This course will become read-only in the near future. Tell us at if that is a problem.

Access Control Flaws


Under “Access Control Flaws” read through the lessons and lesson plans there:

  • Using an Access Control Matrix
  • Bypass a Path Based Access Control Scheme

Also do “Remote Admin Access” which is about finding vulnerabilities with an admin interface.


Work through the lab “Role Based Access Control.” Two only work with the developer version of WebGoat. Feel free to skip those if you don’t have that version. Be sure and do “Remote Admin Access” after reading the lesson plan on how to force browser web resources (found under “Lesson Plan”).


Briefly discuss your experience this week. Some ideas follow but you don’t have to answer all the questions. Did you learn something interesting? Was there something confusing in the lesson that you had to look up? If so, what was it? Did you have any issues installing the tools? Was it too much or too little work? Anything to add to it to make it better for the next round of students? Anything else you’d like to discuss about this week’s lesson?

Because WebGoat focuses on Java, let's discuss some of the other languages and how to prevent this vulnerability in them. For your preferred language and/or framework, research and post how you can prevent the vulnerabilities discussed this week.

A discussion works best when there are at least two people involved so I encourage you to comment on other people’s posts!

Task Discussion

  • Seye Kuyinu   Oct. 23, 2011, 6:30 a.m.

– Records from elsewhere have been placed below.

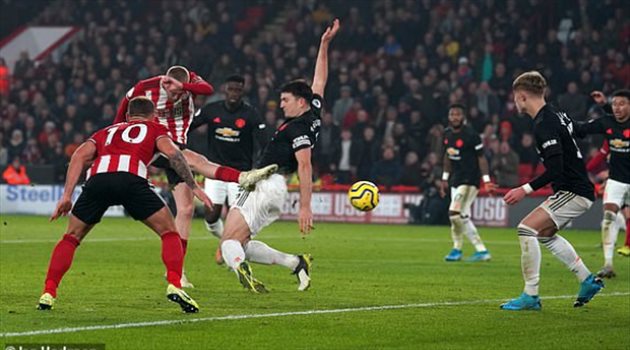  شيفيلد يحبط ريمونتادا مانشستر يونايتد بتعادل قاتل في الدوري الإنجليزي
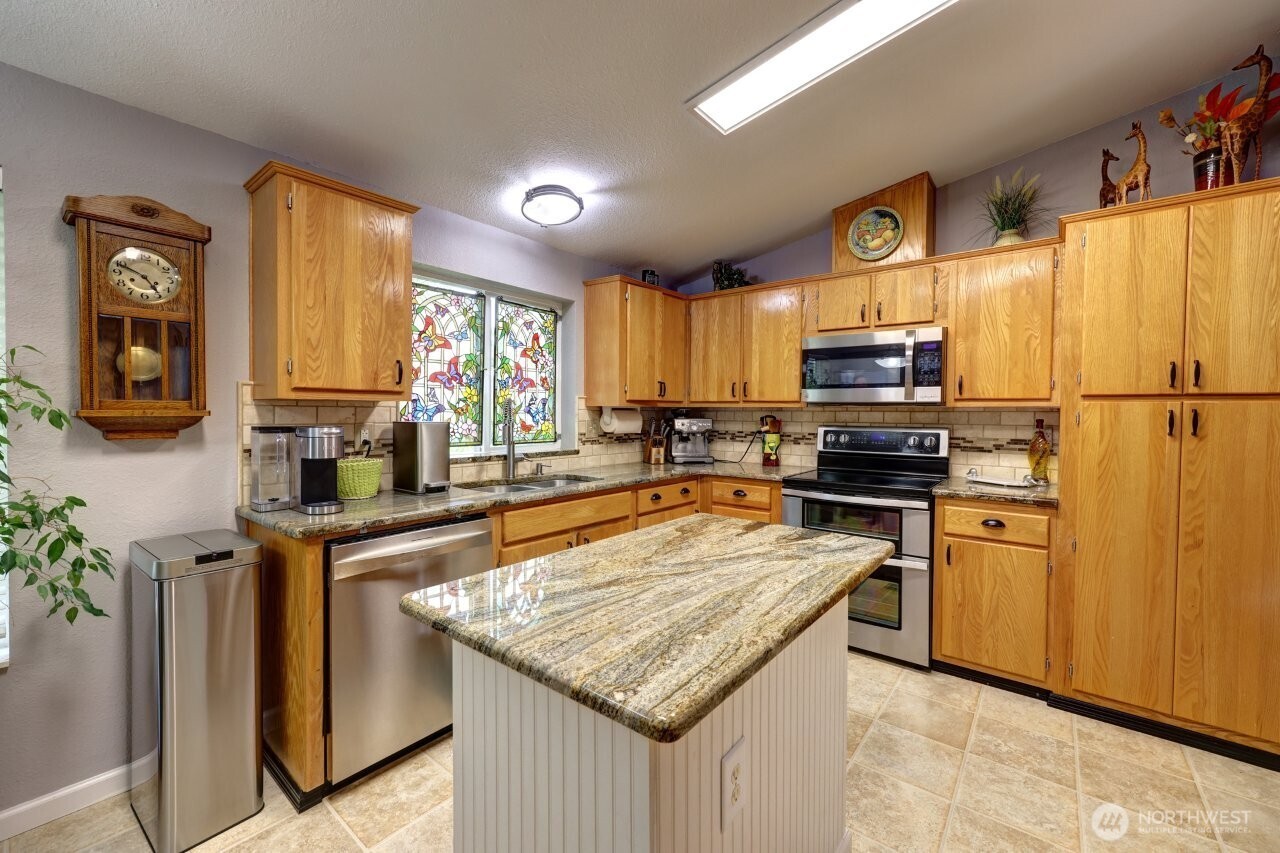 1308 N Washington Avenue Long Beach WA 98631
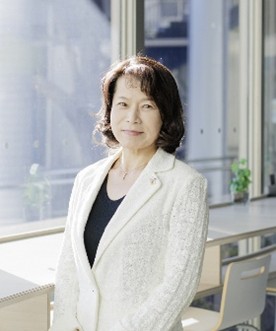 神戸女子大学 学長　洪　愛子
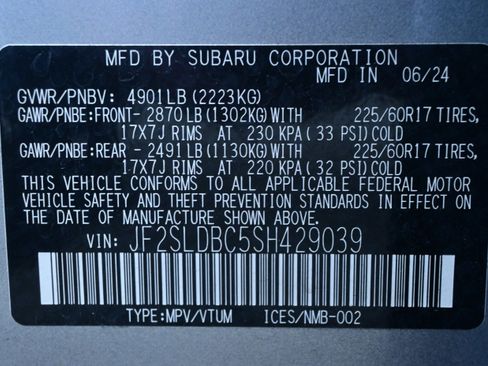 Certified 2025 Subaru Forester Premium AWD/4WD image 36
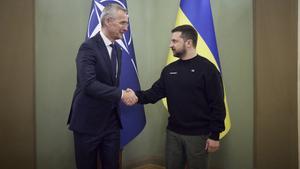 El secretario general de la OTAN, Jens Stoltenberg, y el presidente de Ucrania, Volodímir Zelenski.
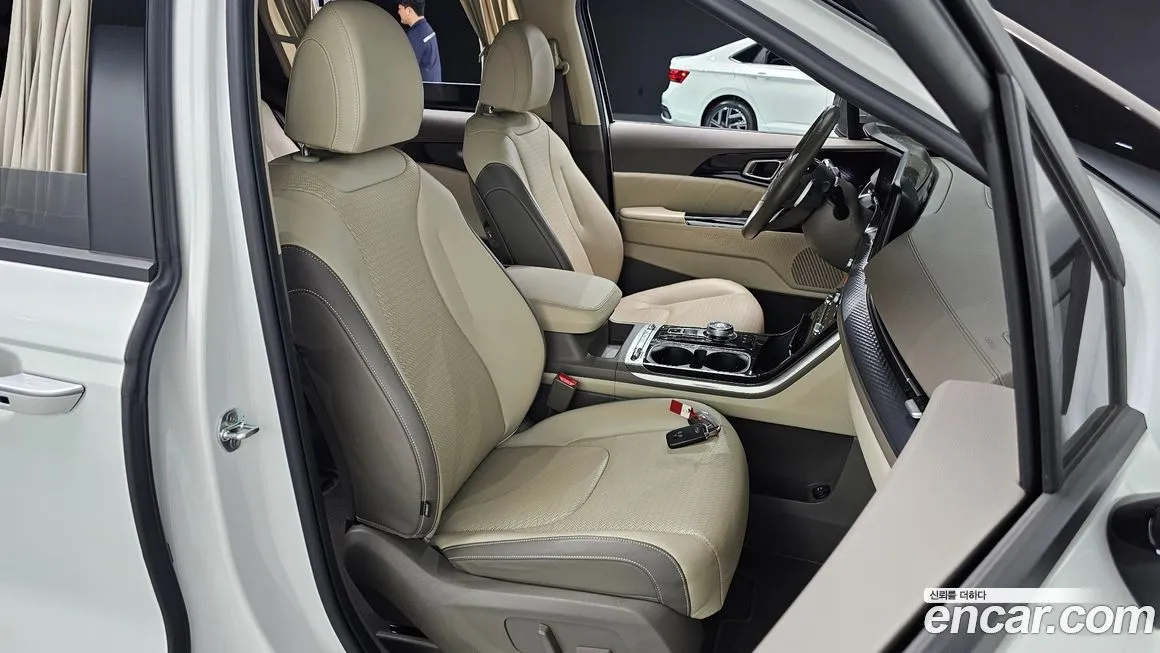Kia Carnival — фото 10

    I am quite new here and a little bit confused. You mentioned in two classes about reading something. I guess from a book. I am quite lost here. Please can you explain

  • Vladimir Támara Patiño   Oct. 24, 2011, 9:19 p.m.
    In Reply To:   Seye Kuyinu   Oct. 23, 2011, 6:30 a.m.

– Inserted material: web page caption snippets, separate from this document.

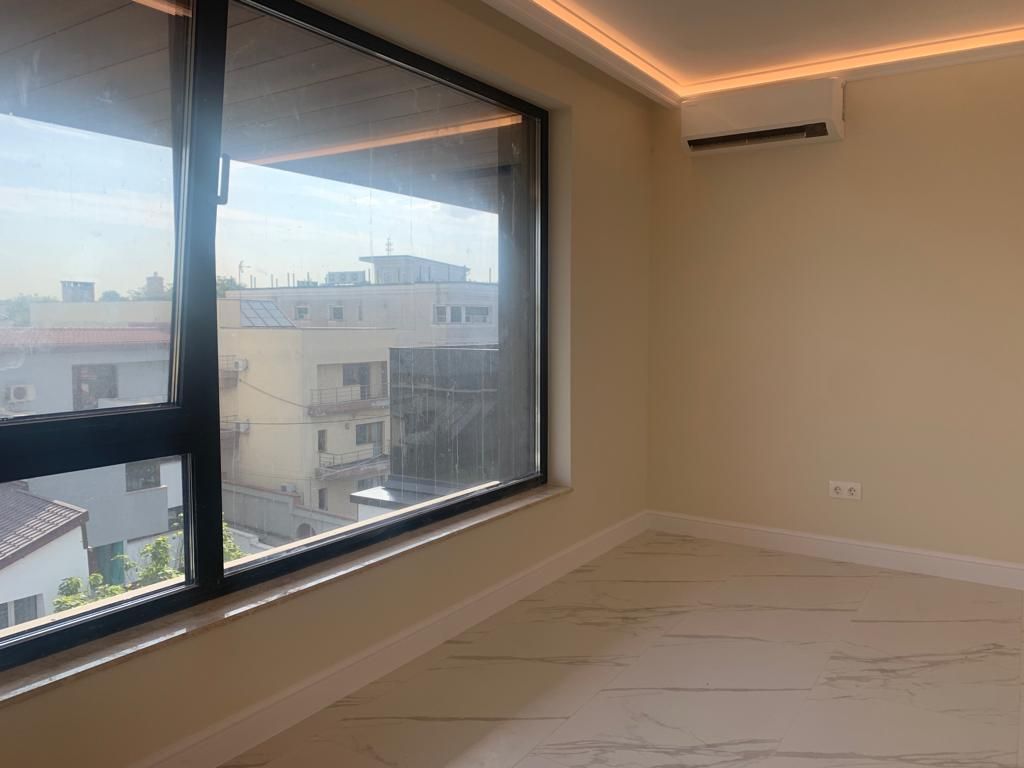 Apartament 3 camere, Baneasa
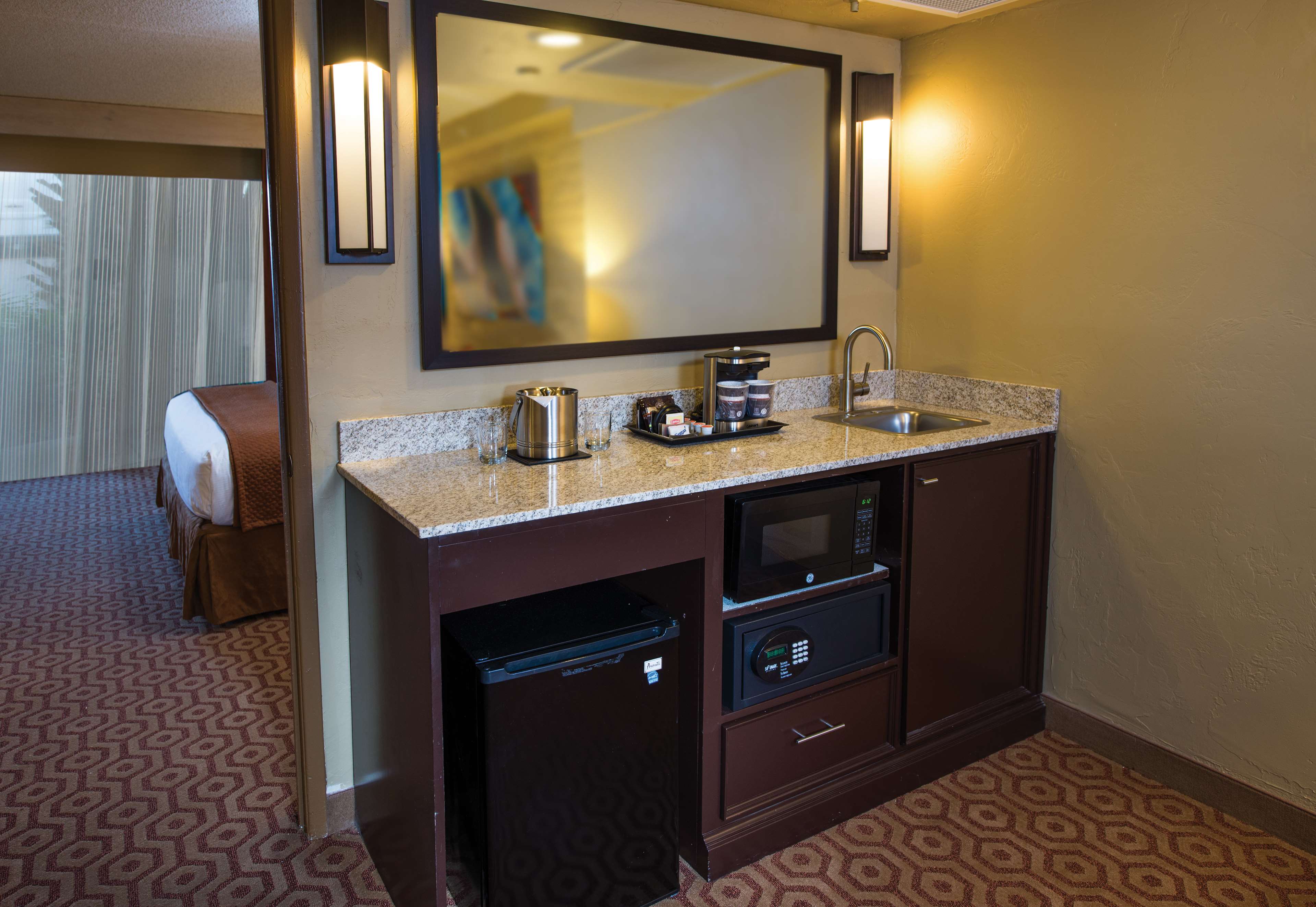 DoubleTree Suites by Hilton Tucson-Williams Center Room Type - 1 KING SUITE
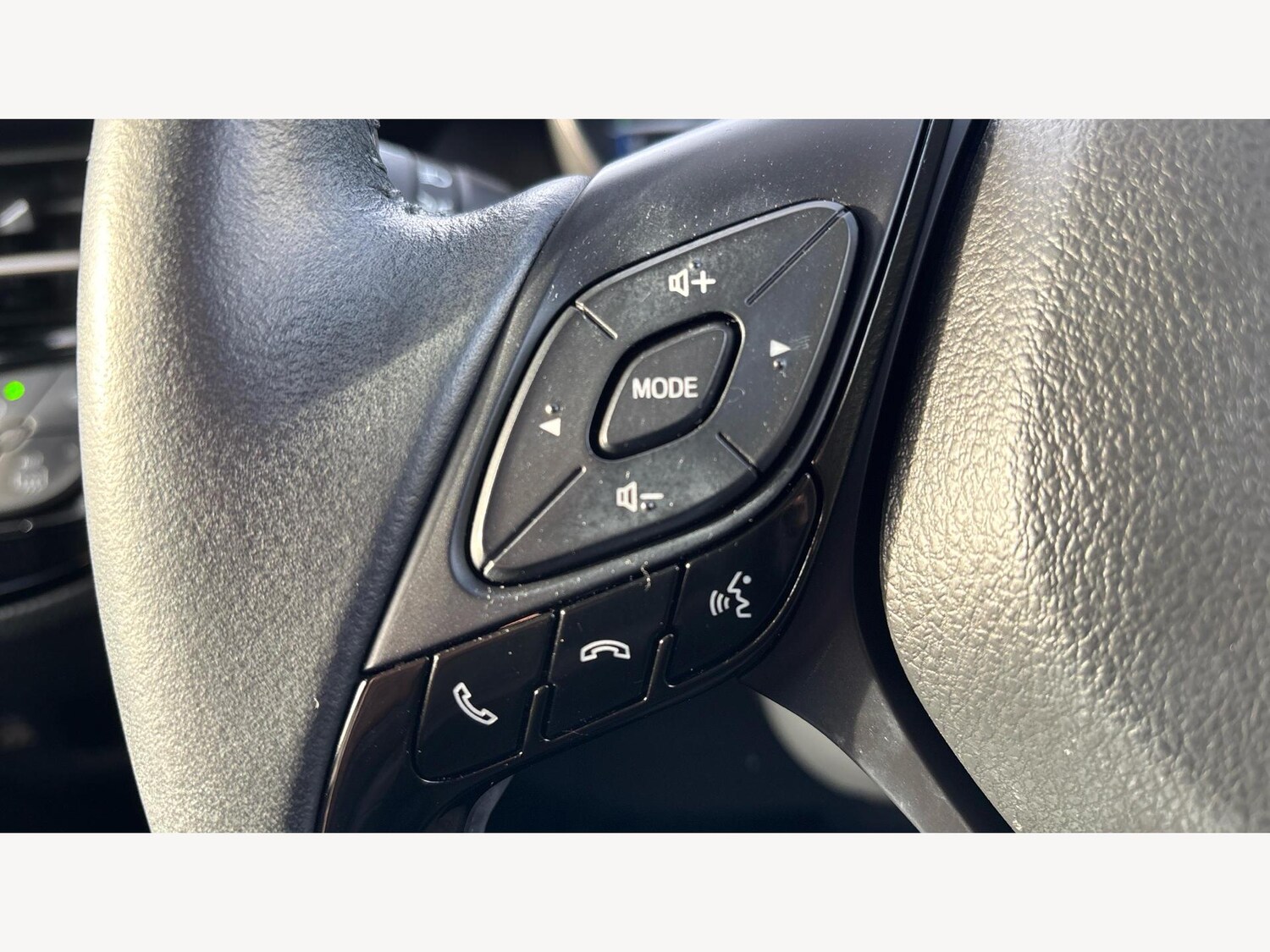 Used Toyota C-HR 2022 for sale - 77291009: Photo 24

    Reading the text shown by WebGoat when you press the button Lesson.  Please check how to install WebGoat in the task of the first week:

  • Vladimir Támara Patiño   Oct. 5, 2011, 6:21 p.m.

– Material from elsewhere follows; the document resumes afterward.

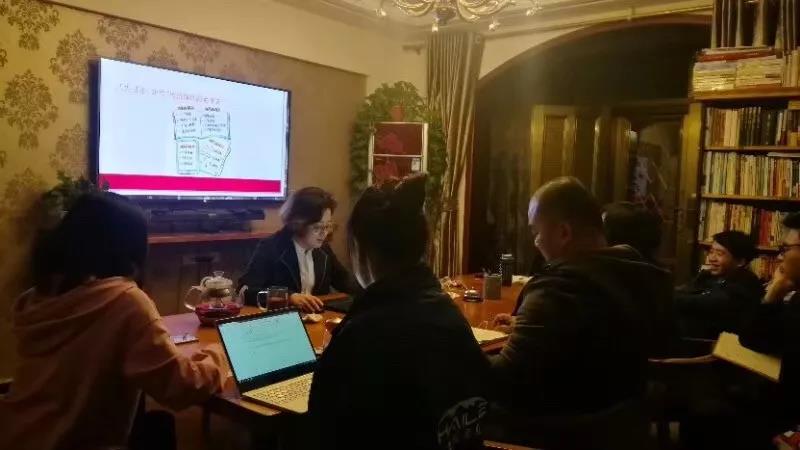 是谁把我们的专业,瞬间碾压成业余爱好(图2) 是谁把我们的专业,瞬间碾压成业余爱好(图2)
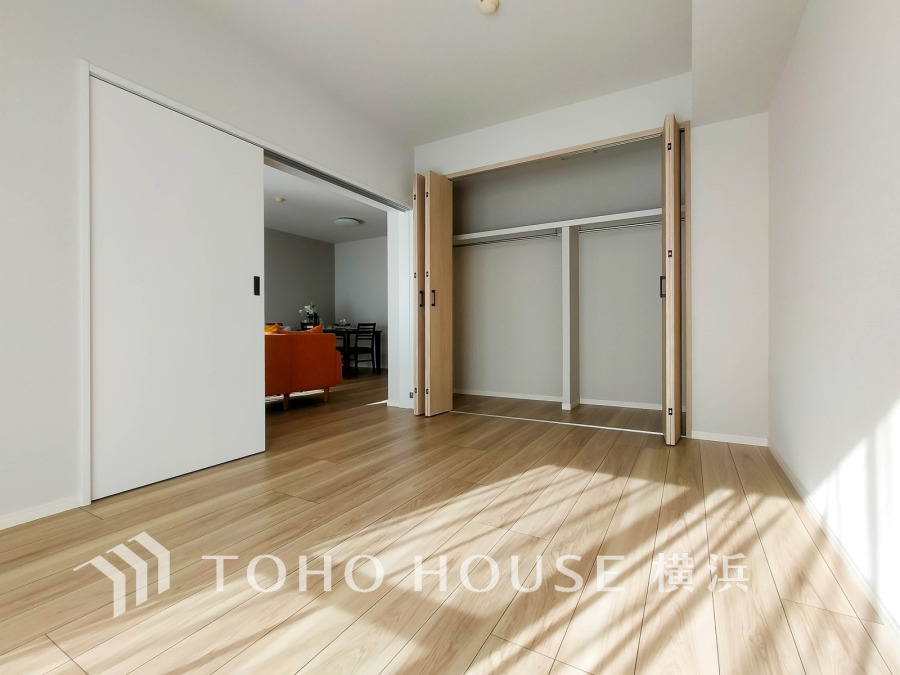 明るい日差しが差し込む収納豊富な洋室。リビングとつながり、開放感のある快適空間です。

    Preventing Control Access Flaws

    The verification requirements suggested by OWASP Application Security Verification Standard 2009 are:

    • V4.1  Verify that users can only access protected functions for which they possess specific authorization.
    • V4.2  Verify that users can only access URLs for which they possess specific authorization.
    • V4.3  Verify that users can only access data files for which they possess  specific authorization.
    • V4.4  Verify that direct object references are protected, such that only authorized objects are accessible to each user.
    • V4.5  Verify that directory browsing is  disabled unless deliberately desired.
    • V4.6  Verify that users can only access services for which they possess specific authorization.
    • V4.7  Verify that users can only access data for which they possess specific authorization.
    • V4.8  Verify that access controls fail  securely.
    • V4.9  Verify that the same access control rules implied by the presentation layer are enforced on the server  side.
    • V4.10 Verify that all user and data  attributes and policy information used by access controls cannot be manipulated by end users unless specifically authorized.
    • V4.11 Verify that all access controls are enforced on the server side.
    • V4.12 Verify that there is a centralized mechanism (including libraries that call external authorization services) for protecting access to each type of protected resource.
    • V4.13 Verify that limitations on input and access imposed by the business on the application (such as daily transaction limits or sequencing of tasks) cannot be bypassed.
    • V4.14 Verify that all access control  decisions can be logged and all failed decisions are logged.
    • V4.15 Verify that all code implementing or using access controls is not affected by any malicious code.